When will the government stop handing out money for cars? Should Congress buy everyone a new car? A Washington Post editorial asks these questions:
ABOUT A MONTH ago, we ventured a prediction about the federal government’s “Cash for Clunkers” program, which offers motorists up to $4,500 to trade in their old cars for new, more fuel-efficient models: “When the program’s initial round disappoints, as seems likely, pressure will mount to expand it.” Sure enough, Friday, with car dealers and consumers complaining because the first $1 billion in car-buying aid was about to run out after four days, the House of Representatives approved another $2 billion. The issue may move to the Senate this week.
Admittedly, we expected the program to be undersubscribed, not oversubscribed. But the latest turn of events hardly proves the program a “success,” as its proponents now claim.

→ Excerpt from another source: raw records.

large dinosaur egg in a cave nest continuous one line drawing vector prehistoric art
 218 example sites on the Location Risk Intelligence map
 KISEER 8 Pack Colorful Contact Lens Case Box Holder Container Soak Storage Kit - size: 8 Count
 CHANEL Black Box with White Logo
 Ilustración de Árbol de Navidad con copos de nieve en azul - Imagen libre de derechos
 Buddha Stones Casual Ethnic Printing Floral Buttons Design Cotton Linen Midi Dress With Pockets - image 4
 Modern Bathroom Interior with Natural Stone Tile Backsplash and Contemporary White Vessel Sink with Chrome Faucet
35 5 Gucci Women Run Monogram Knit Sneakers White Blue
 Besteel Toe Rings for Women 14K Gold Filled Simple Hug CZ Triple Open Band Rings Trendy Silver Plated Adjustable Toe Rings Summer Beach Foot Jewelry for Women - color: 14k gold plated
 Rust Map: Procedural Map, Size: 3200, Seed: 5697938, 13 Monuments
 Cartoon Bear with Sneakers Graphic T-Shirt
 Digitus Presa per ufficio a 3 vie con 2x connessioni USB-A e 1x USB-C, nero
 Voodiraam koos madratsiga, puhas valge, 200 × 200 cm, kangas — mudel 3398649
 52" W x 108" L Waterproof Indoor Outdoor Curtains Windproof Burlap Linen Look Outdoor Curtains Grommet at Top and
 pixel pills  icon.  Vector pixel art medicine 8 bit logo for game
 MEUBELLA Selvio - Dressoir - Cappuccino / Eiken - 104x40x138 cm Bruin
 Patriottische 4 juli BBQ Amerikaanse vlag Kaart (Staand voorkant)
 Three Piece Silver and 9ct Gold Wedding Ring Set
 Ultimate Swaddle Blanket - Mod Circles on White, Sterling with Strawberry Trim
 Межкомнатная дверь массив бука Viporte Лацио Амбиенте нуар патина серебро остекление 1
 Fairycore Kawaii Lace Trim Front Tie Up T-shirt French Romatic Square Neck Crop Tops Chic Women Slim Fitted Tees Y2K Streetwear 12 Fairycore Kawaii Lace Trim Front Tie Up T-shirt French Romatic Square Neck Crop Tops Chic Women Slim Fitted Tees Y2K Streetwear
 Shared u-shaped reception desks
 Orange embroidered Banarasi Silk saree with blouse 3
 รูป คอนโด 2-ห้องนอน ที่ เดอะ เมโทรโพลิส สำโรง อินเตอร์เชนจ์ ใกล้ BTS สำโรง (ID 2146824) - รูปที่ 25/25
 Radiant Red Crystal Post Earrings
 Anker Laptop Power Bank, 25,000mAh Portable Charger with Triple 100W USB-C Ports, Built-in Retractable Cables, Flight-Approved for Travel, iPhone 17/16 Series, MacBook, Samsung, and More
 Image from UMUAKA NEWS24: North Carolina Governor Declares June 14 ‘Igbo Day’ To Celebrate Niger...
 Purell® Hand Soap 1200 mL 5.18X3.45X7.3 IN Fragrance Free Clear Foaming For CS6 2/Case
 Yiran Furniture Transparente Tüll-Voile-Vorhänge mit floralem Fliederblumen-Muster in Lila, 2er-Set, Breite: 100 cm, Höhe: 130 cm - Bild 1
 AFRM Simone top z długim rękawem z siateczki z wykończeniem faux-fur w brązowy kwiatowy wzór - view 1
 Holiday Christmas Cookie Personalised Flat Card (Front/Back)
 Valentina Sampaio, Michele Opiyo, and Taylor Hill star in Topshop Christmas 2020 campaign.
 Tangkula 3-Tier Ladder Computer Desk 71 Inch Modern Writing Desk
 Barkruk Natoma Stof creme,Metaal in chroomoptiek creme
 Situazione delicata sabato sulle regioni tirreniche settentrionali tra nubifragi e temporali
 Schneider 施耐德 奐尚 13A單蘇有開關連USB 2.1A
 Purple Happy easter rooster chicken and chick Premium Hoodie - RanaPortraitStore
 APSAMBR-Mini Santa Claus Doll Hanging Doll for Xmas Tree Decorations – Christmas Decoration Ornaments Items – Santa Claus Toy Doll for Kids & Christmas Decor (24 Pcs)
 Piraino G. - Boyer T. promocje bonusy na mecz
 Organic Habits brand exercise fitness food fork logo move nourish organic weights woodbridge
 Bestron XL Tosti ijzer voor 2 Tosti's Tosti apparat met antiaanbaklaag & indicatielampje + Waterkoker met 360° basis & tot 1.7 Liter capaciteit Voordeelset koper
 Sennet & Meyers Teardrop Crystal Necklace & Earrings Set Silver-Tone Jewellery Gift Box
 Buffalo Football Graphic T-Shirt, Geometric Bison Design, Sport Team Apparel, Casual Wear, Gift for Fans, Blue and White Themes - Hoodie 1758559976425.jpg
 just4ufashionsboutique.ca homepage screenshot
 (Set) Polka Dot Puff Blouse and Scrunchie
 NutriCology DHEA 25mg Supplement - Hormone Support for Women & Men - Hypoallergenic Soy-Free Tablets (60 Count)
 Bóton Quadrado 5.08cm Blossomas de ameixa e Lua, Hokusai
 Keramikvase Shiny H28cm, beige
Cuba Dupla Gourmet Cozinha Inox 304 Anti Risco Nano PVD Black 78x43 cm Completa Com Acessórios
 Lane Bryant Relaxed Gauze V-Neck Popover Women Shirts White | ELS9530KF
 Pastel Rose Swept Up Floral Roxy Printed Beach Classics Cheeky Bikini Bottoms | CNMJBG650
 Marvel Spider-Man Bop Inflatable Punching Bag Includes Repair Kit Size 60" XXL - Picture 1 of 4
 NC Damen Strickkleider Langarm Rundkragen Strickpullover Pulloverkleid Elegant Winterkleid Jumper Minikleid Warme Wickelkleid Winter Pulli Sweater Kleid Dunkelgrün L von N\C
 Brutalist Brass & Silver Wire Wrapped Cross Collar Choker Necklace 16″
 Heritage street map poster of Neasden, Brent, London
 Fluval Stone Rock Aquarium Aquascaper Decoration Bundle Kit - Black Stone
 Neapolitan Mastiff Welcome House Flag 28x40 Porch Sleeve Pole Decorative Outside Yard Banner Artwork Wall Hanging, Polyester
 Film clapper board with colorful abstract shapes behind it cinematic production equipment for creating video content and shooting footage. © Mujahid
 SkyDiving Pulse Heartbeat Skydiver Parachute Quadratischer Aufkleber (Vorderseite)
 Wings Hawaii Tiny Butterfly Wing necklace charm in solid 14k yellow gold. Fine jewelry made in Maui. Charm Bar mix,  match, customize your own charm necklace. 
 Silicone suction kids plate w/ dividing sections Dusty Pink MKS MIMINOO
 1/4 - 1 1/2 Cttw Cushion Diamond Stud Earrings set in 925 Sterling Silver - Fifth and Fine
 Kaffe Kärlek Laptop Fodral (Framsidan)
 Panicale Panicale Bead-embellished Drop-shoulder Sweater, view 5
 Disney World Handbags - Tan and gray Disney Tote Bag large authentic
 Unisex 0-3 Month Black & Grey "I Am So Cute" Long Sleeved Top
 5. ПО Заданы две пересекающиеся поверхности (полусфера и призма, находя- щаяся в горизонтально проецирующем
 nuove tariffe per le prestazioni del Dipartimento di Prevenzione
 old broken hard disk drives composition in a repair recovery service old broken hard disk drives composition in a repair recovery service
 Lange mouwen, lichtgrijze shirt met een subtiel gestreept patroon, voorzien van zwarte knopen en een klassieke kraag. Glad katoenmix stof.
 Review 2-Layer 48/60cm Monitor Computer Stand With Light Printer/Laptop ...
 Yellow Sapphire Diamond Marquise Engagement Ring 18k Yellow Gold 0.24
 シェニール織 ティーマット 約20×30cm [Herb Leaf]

It merely shows that Washington could bribe more people into purchasing new cars than many thought possible. And the essential flaw of “Cash for Clunkers” has been confirmed: Once Congress starts passing out free money for cars, it’s hard to stop. Will the next $2 billion be the last? Or will car dealers and their customers demand even more when it runs out? Maybe the government should just buy everyone a new car. That would certainly “stimulate demand.” The washing-machine industry could use a boost, too; older models waste water and energy. So how about cash from Uncle Sam for washer upgrades?